Let's not mislead anyone by telling them that "PayPal add 3%" is perfectly legal, because it is not and is also against PayPal's policy because it is illegal. We do not condone it and this is why we have it in our Classified Rules. Of course we do not condone any type of illegal activity here at the Shack, whether we agree with it or not.


----------



## superchad (Mar 7, 2008)

I dont see it as illegal and its obvious most dont either but we all are free to interpret words the way we want...God Bless America!


----------



## Otto (May 18, 2006)

superchad said:


> I dont see it as illegal and its obvious most dont either but we all are free to interpret words the way we want...God Bless America!
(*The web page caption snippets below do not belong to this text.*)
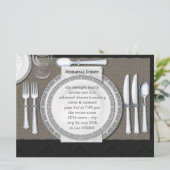エレガントで黒いリハーサルの夕食の招待状 招待状 (スタンド正面)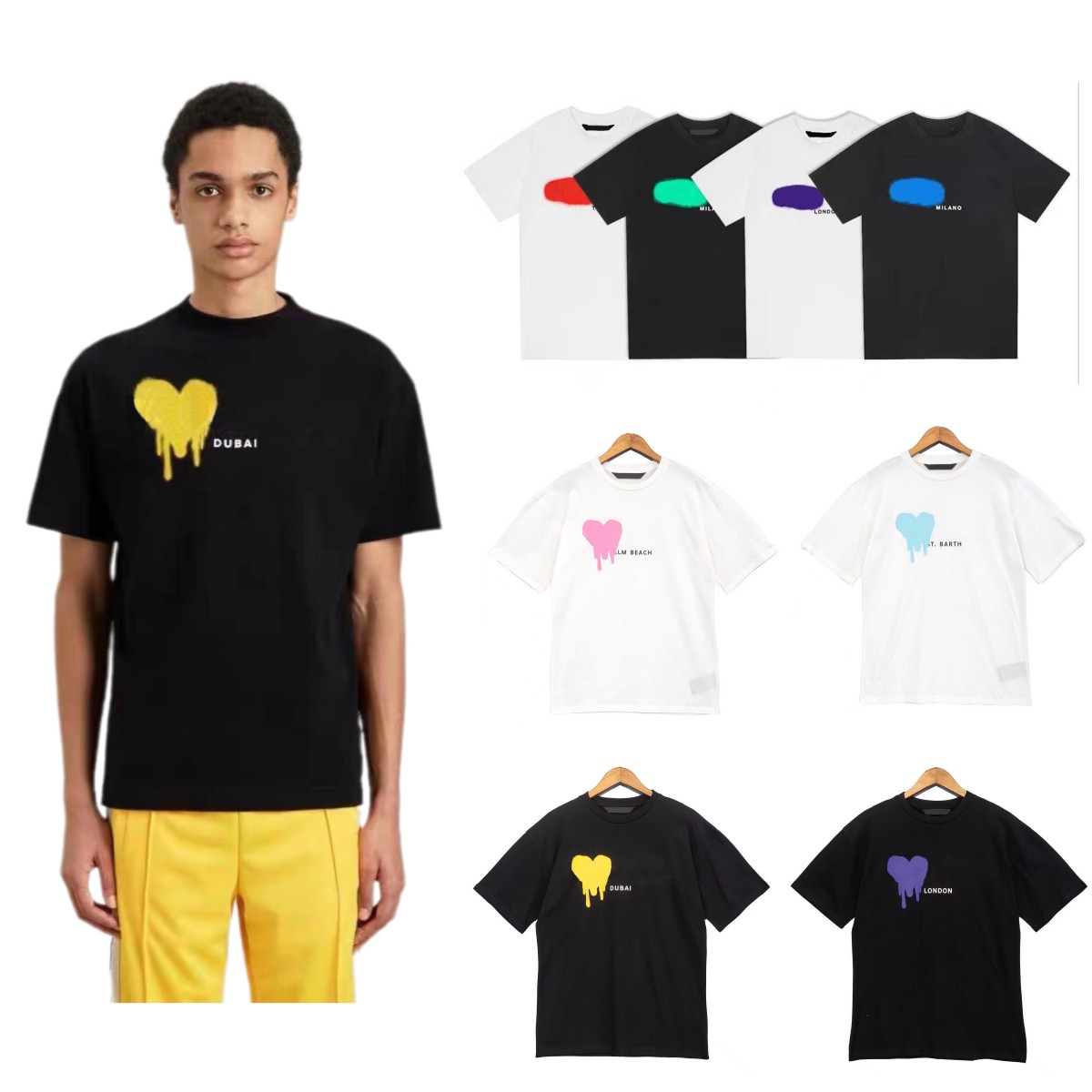 2023 Designer de luxe palm angel t-shirts marque Vêtements Dissolve Graffiti Spray monogramme manches courtes paumes lâches angles t-shirt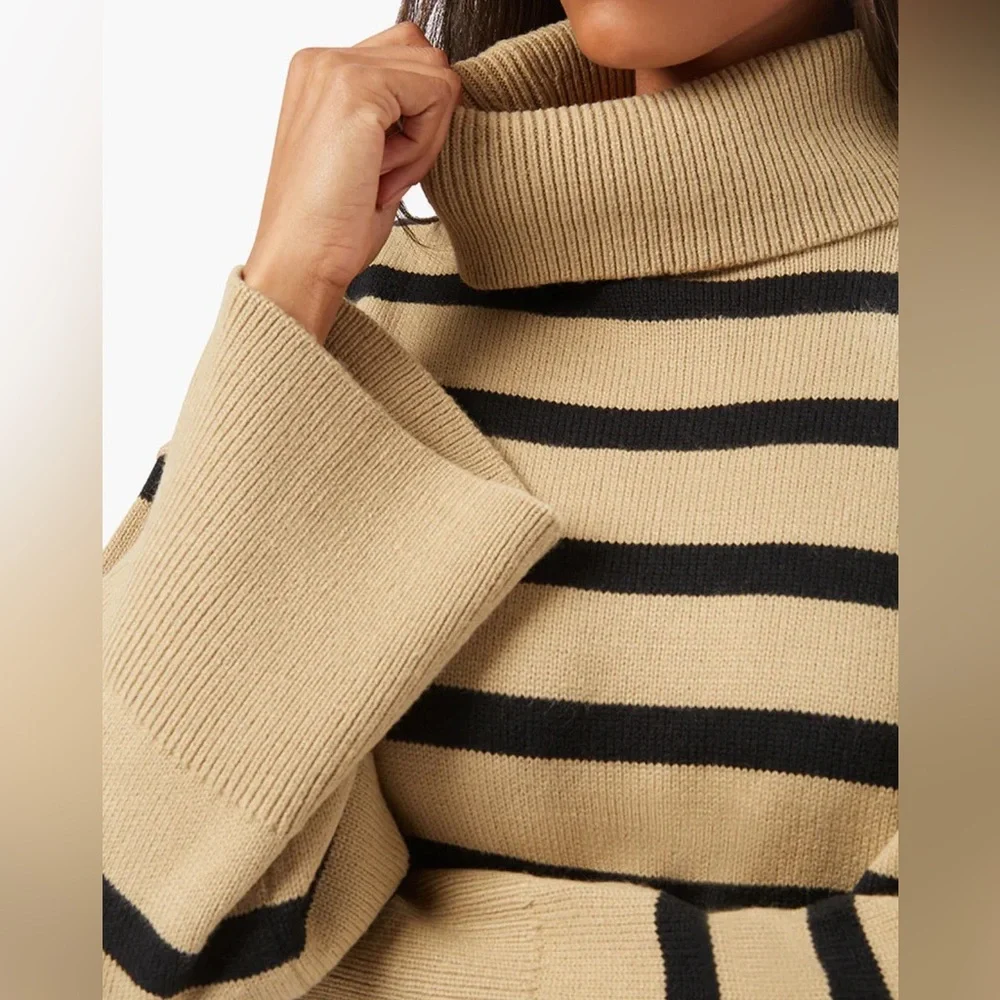 WEWOREWHAT Striped Turtleneck in Oat/Black - Picture 3 of 10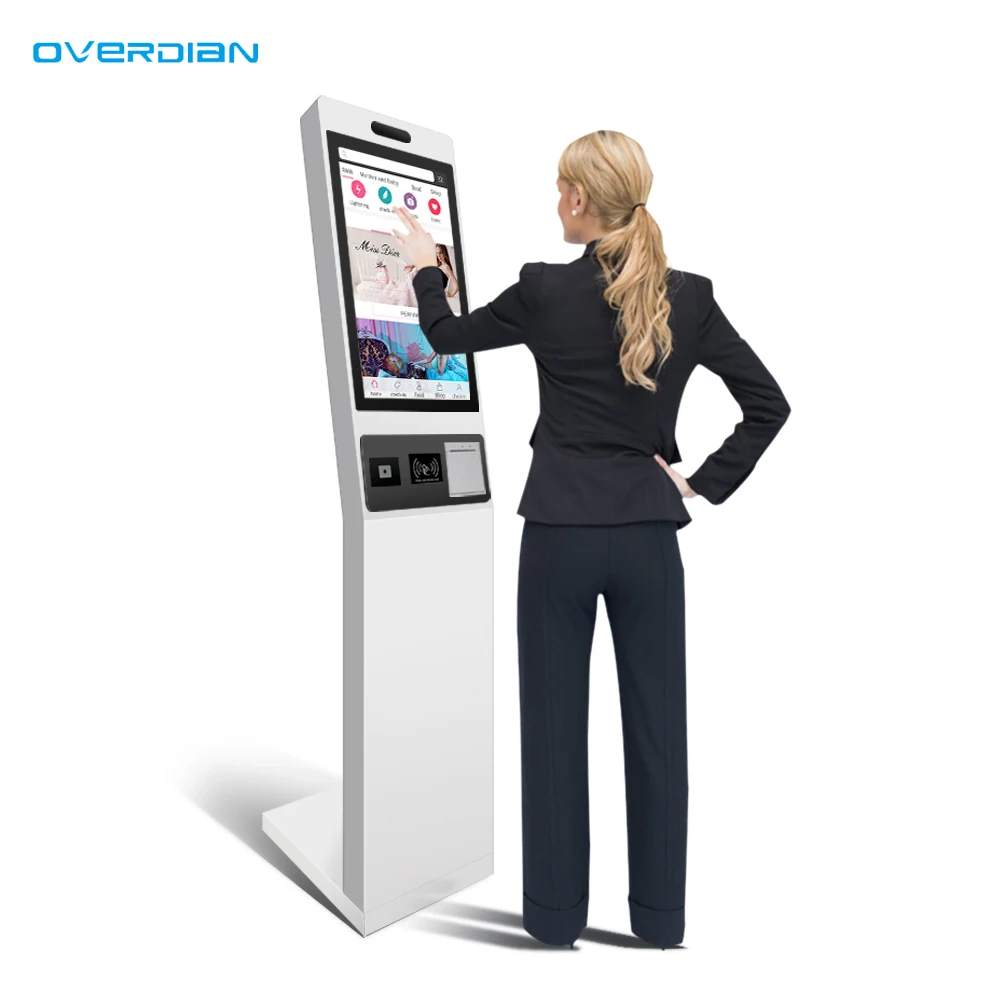 Hot selling 21.5 inch  23.8 inch 27 inch 32 inch Self Cash Payment machine Pos Pay Self Service Ticket Kiosk With Ticket Printer
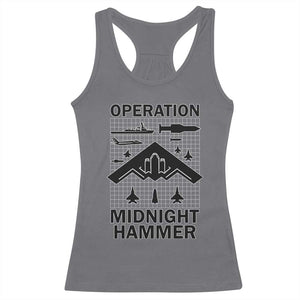 Operation Midnight Hammer Military Racerback Tank Top Tactical Warfare Jets Bombers TS02 Charcoal Print Your Wear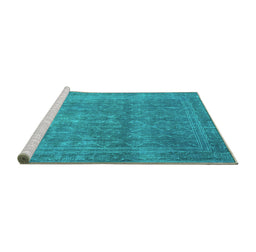 Sideview of Machine Washable Persian Turquoise Bohemian Area Rugs, wshtr4305turq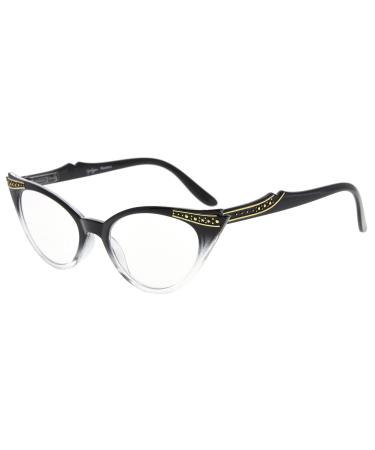 Eyekepper Cateyes Women's Reading Glasses (Black-Transparent 1.75)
I guess you can interpret it any way you want, but I do believe it's specifically saying that you can't impose a "surcharge" or "fee" for using PayPal or credit cards. I believe this is the exact reason that it's not allowed on eBay. A long time ago, sellers would dump the 3% on the buyer in eBay transactions, but eBay barred that practice. I believe that action was due the laws alluded to in the PayPal rules snippet, and I would suspect that lawyers were involved to interpret the wording (as well as create the original wording).

So, yeah, I guess you can interpret it any way you want.

What would you think if the next time you when to Home Depot, they charged you an extra 3% for using your credit card?


----------



## bobgpsr (Apr 20, 2006)

The funny thing is when you get a a haggling situation with a small business and you make offers and get counteroffers somethings you hear "Since you are using cash, I'll make you this offer...".


----------



## Sonnie (Apr 11, 2006)

> I dont see it as illegal and its obvious most dont either but we all are free to interpret words the way we want...God Bless America!


It does not really matter how we interpret (it is actually already interpreted for us in black and white text) or how we see it... it is how it is... and that is what we will follow here at Home Theater Shack.



> "No Surcharges. Under Visa, MasterCard, Discover and American Express regulations and the laws of several states, including California, merchants may not charge a fee to the buyer for accepting credit card payments (often called a "surcharge")."


"PayPal Add 3%" is illegal and will not be allowed here at the Shack!


----------